Thursday, July 2, 2009

Summer Reading at Its Finest!!!!

Back in the saddle with today's BTT:

Celebrities? July 2, 2009
Filed under: Wordpress — --Deb @ 1:06 am



Suggested by Callista83:

Do you read celebrity memoirs? Which ones have you read or do you want to read? Which nonexistent celebrity memoirs would you like to see?


Do I?! I love celebrity memoirs, especially the raunchy ones. The finest one I've ever read, along those lines, is Motley Crue's The Dirt. The boys had a wonderful ghostwriter with the sensitivity not to change lines like "She looked so fucking hot that I wanted to run up to her, tackle her and tear her clothes off" to "She looked amazing in that dress." The book was published in 2002, and each band member gets to tell the tale from his own perspective, with chapters from their various managers and producers occasionally sprinkled in.

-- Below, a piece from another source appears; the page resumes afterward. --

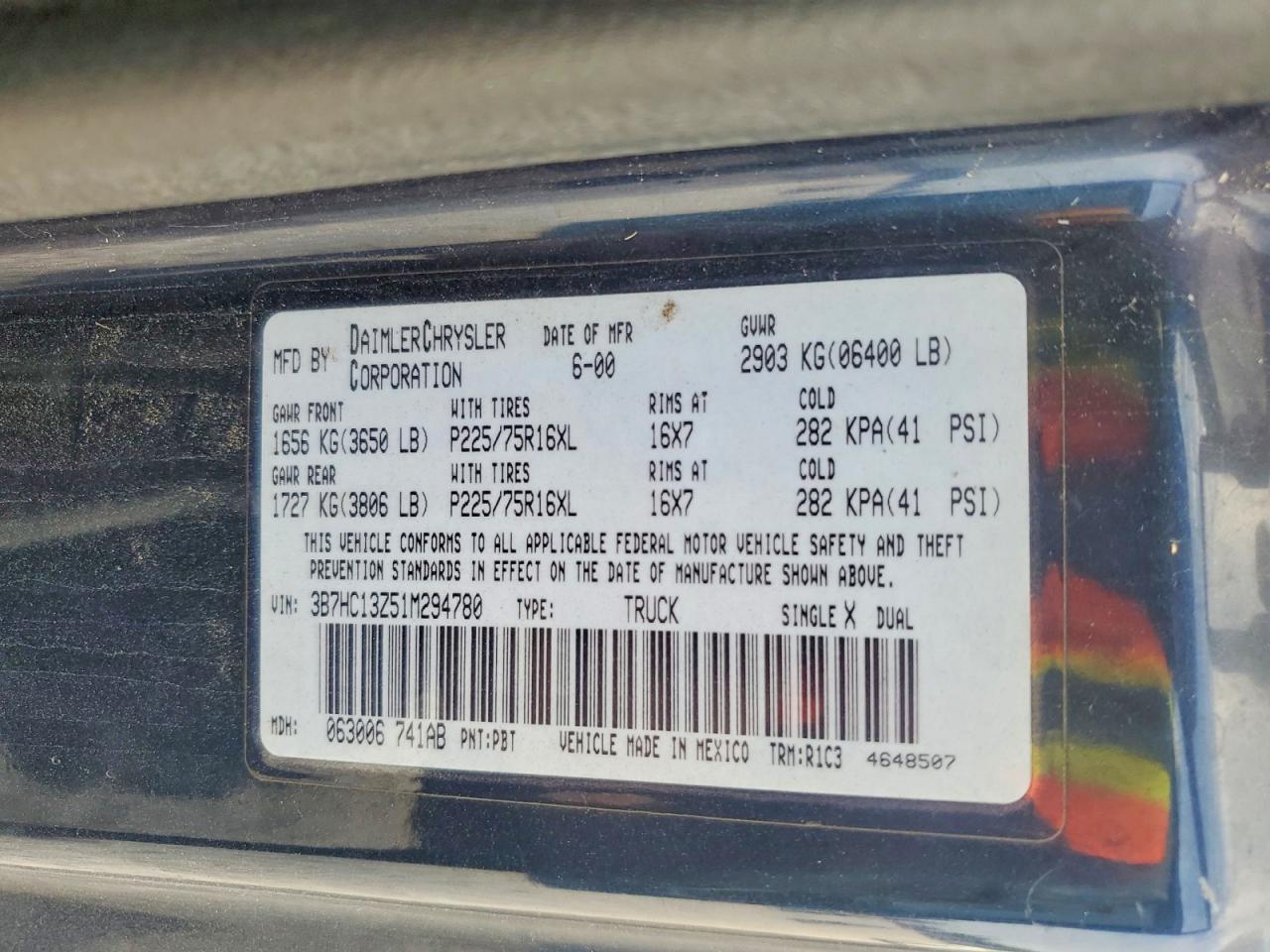 2001 DODGE RAM 1500 photo 34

Each time someone famous for being wild publishes a memoir, I try to read it. I realized a few weeks ago the reason why I like The Dirt better than all of them. It's because they boys of Motley Crue are, by and large, unrepentant. Oh, sure, they regret many of the things they did while drunk and high. But they don't regret their involvement with drugs in the first place. The message of many other celebrity memoirs is: "I got involved with drugs and/or alcohol at a difficult time in my life, as a means of coping. It cost me a lot. I got sober and never want to go down that road again." The Crue's message? "We got involved with drugs and alcohol because they were a fucking blast. We did lots of stupid shit while high and drunk, and we regret it. We regret the toll it took on those around us. Still, if they ever invent something that's as fun as all of those drugs and won't have the side effects of wrecking everyone's lives, sign us up." So, the tone of the book is different.

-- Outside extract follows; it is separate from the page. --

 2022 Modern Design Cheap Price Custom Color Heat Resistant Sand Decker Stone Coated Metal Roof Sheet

A couple of other good celebrity memoirs in a different vein are the books written by Joan Crawford's daughter and also by Bette Davis' daughter. Neither woman ever became famous in her own right, but the tales are still moving. Mommie Dearest was, of course, made into the movie that contains that famous line about the wire hangers. It's in the book, too, but it's more sad than funny. Crawford essentially adopted her children as a PR move and had little interest in them outside of the annual Christmas special. She was mean and abusive and eventually sent them all away when she'd totally lost interest.

Davis was a difficult mother to have, too, but for different reasons. According to her daughter, she was more of an emotional drain than anything. Their relationship was volatile, and contained periods of both closeness and estrangement. I read it shortly after I read Mommie Dearest and was fascinated by the passages where the two tales intersected. Joan Crawford's not the only one, though. Several well-known Hollywood figures meander through the tale. The book also contains an absolutely priceless line: during an argument with her mother over men, Davis yelled, "I love these people who've been married once and think they know it all! What would you know about men? I've had FIVE HUSBANDS!"

Lana Turner's memoir is another good one. I'd actaully nearly forgotten about it, but I discussed it in this post and gave it high marks as an interesting tale of Golden-Era Hollywood. Lillian Gish's autobiography is also an interesting tale of an emerging industry. Gish was the star of the first-ever feature-length film, the much-dissected Birth of a Nation, and talks about the controversy that surrounded it even at release, not just due to the racism in the film, but due to its many innovations in the medium, such as the close-up ("Where are the guy's feet?") and its sheer length ("No one will sit for that long"). She traces its evolution from nickelodeons to theaters, and from a medium no one wanted to be involved with to the medium that became every actor's ultimate goal. And she was there for it all.

As for ones that have not yet been written? I can't think of any that I truly wonder about. I always thought it was a shame that Jacqueline Kennedy died without leaving an account of her life. And with Michael Jackson's recent death, I do feel that we've been left without a way to ever know the entire story, although it is possible that he left us something after all, or that someone else will come forward.